US: Teenage girls caught in poverty trap forced into selling their bodies for food
Much of the sexual behaviour was characterised as "transactional dating" with older men.
Low-income teenagers in the US are reportedly being forced into having sex for money according to think tank, The Urban Institute. According to the research centre, some young women have said that they were "selling their body" while boys take to shoplifting and selling drugs to survive.
Researchers in partnership with Feeding America, a country-wide network of food banks , carried out the studies and in 13 of the 20 focus groups, poor teenage girls reported offering sex so that they had enough to eat.
Much of the sexual behaviour was characterised as "transactional dating" with older men, according to the Urban Institute report. Sex with a significantly older man was viewed as an exchange for meals, goods and also money. Girls interviewed for the study said it was a common occurrence.
"It's really like selling yourself," said a teenage girl in Portland, Oregon. " You'll do whatever you need to do to get money or eat." Teenagers apparently revealed that girls were also having sex with strangers or stripping for money in abandoned houses.
"When you're selling your body, it's more in disguise. Like if I had sex with you, you have to buy me dinner tonight," an unidentified boy said. "That's how girls deal with the struggle. That's better than taking money, because if they take money they will be labelled a prostitute."
Food insecurity expert Craig Gundersen recently estimated that 6.8 million young people aged 10-17 have difficulties in finding enough to eat, including 2.9 million who have very low food security, using Current Population Survey data.

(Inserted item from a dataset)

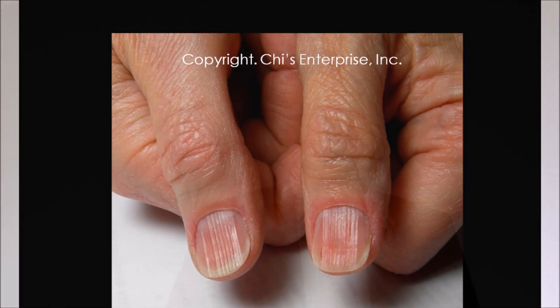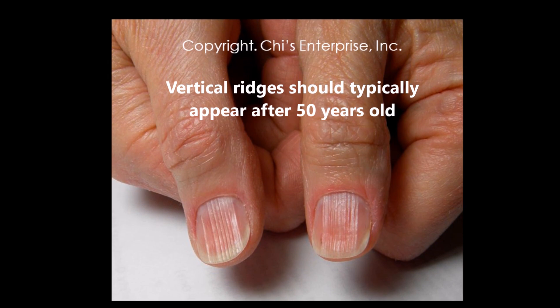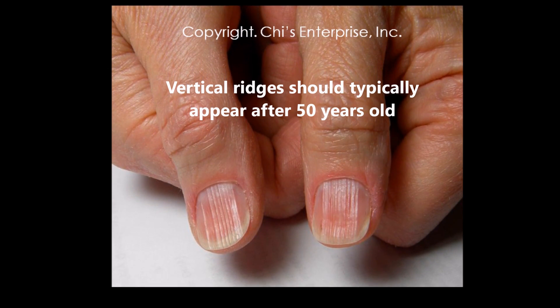On the nail surface, you don't want to see vertical ridges or horizontal ridges. Let's talk about vertical ridges first. Vertical ridges usually should appear after 50 — when you are older, it's part of aging.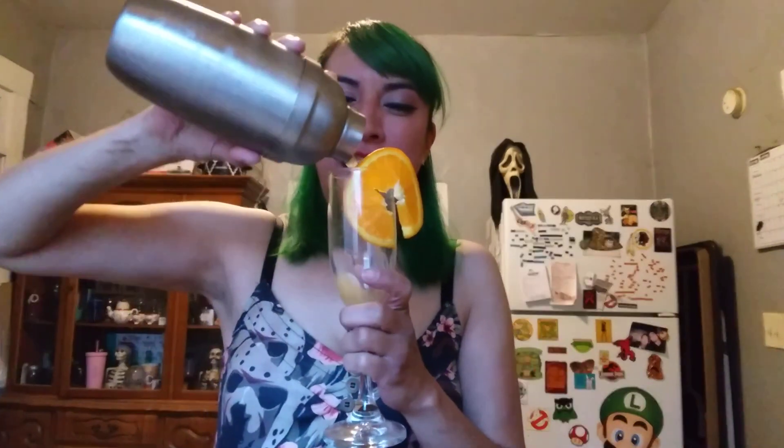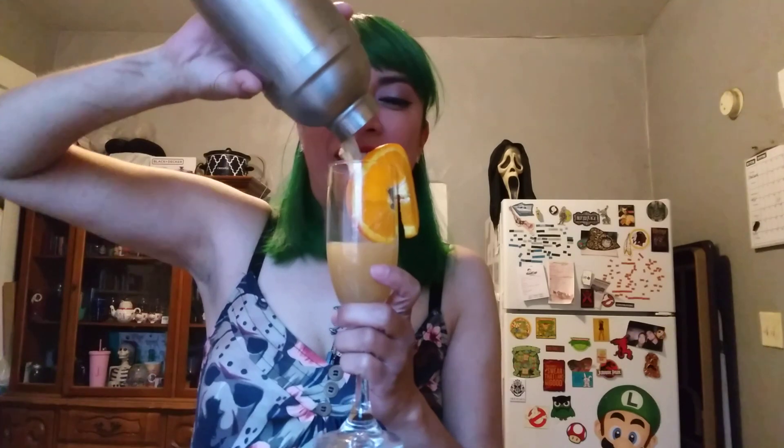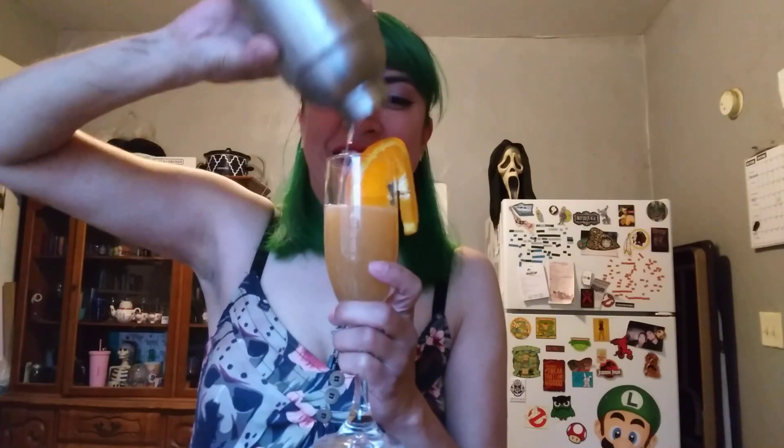And there you have it — a bourbon sour. Enjoy!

Susan Popkin, the lead author of the study said: "Even for me, who has been paying attention to this and has heard women tell their stories for a long time, the extent to which we were hearing about food being related to this vulnerability was new and shocking to me, and the level of desperation that it implies was really shocking to me," she said according to The Guardian. "It's a situation I think is just getting worse over time."